On Wall Street, the labor market report caused little movement on Friday. The S&P 500 lost almost -0.1% by the end of trading and the Dow Jones declined -0.2%. In contrast, the Nasdaq Composite gained +0.1%. Thus, the technology index has risen in five straight days for the first time this year. The focus now moves to the quarterly reporting season in the US. On Thursday, the major Wall Street banks JPMorgan Chase and Morgan Stanley kick off the Q2 earnings season, followed by Citigroup and Wells Fargo on Friday.

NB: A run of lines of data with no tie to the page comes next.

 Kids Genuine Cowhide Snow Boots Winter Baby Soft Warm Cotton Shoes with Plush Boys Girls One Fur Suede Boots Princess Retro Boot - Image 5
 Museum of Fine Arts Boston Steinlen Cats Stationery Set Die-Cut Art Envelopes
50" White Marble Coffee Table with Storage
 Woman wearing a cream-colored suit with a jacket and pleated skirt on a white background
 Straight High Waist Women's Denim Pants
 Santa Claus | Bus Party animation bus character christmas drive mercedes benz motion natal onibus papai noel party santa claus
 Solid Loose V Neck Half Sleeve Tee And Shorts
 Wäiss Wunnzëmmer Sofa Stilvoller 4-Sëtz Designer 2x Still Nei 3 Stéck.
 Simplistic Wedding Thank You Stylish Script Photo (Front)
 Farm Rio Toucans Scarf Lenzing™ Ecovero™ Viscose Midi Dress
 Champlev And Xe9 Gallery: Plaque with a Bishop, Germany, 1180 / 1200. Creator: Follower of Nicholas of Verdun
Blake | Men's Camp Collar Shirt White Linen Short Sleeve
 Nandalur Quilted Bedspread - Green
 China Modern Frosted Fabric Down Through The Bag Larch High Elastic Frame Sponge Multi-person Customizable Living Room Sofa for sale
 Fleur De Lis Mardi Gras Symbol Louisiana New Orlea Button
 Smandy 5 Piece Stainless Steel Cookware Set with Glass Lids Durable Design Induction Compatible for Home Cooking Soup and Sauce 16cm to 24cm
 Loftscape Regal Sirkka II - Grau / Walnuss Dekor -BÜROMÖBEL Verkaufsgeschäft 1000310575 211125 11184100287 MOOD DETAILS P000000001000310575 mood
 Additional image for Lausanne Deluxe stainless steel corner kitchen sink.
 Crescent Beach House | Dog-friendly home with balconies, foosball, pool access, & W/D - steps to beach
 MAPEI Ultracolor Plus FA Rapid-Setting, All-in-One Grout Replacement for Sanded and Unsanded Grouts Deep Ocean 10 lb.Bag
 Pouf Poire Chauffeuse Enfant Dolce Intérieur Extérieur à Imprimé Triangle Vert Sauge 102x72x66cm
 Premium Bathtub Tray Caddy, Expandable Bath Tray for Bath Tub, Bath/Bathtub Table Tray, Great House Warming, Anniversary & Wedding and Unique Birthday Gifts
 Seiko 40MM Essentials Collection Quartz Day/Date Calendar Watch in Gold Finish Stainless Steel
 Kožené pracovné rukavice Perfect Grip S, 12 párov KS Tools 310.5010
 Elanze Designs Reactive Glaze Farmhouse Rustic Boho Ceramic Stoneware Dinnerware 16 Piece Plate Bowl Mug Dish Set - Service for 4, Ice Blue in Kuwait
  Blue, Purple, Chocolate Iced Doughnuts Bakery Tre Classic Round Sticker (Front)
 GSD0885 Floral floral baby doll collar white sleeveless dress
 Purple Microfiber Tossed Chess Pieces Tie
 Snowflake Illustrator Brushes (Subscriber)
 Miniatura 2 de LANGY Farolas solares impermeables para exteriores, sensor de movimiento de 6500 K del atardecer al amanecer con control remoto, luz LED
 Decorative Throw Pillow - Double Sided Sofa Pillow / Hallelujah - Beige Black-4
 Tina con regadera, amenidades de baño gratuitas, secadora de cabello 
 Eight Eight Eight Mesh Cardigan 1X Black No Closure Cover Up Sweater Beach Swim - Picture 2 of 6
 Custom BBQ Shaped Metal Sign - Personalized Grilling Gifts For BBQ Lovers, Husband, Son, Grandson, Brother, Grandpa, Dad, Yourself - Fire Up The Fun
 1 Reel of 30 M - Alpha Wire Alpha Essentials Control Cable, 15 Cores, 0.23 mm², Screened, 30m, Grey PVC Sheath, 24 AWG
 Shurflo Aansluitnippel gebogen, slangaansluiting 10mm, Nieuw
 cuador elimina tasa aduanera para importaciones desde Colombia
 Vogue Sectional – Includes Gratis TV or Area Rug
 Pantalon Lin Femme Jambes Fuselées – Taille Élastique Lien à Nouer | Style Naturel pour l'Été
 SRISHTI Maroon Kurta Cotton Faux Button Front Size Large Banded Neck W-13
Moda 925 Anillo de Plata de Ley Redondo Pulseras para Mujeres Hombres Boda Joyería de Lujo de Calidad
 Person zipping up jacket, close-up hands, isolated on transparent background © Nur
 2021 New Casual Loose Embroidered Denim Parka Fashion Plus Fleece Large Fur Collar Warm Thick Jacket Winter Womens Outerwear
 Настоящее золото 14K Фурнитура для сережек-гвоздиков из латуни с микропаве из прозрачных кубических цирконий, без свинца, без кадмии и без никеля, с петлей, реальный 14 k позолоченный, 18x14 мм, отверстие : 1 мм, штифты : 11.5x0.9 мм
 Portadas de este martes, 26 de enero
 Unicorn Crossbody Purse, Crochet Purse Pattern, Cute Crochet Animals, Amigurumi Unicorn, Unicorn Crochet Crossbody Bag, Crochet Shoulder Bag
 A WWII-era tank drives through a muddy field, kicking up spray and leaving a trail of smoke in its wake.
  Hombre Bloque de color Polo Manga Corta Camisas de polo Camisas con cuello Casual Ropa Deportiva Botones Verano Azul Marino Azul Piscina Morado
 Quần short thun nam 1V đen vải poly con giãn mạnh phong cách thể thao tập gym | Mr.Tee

The US economy created +372’000 new jobs in June. This exceeded expectations, as on average analysts had expected an increase of +265’000 in non-farm payrolls. However, the two previous month's figures were revised downward by a total of 74’000. The unemployment rate remained at a low 3.6% in June. At the same time, wage growth slowed minimally last month. Average hourly wages increased by +0.3% month-on-month and by +5.1% year-on-year (previous month +5.3%). Overall, the labor market in the US remains solid, and the latest data are unlikely to change the direction of the Federal Reserve. Thus, a next interest rate step by the Fed is to be expected on July 27.
On the foreign exchange market, the euro remained under pressure on Friday. Against the greenback, the currency was at times quoted at USD 1.0075, the lowest rate since the end of 2002. The downward trend of the euro also continued against the Swiss franc, and a new record low of just under CHF 0.9870 was observed on Friday.
The European Central Bank (ECB) wants the commercial banks it supervises to arm themselves against the threat of billions in risks from climate change. Efforts to measure and manage climate risk need to be stepped up, warned Andrea Enria, head of the ECB's banking supervision. Background is the first climate stress test devised by the ECB, in which banks had to disclose how well they are equipped to deal with financial and economic shocks from climate risks. While banks have made progress in taking climate risks into account since 2020, only about 20% allowed climate risks to be factored into their lending. The ECB's climate stress test has no direct impact on commercial banks' capital requirements.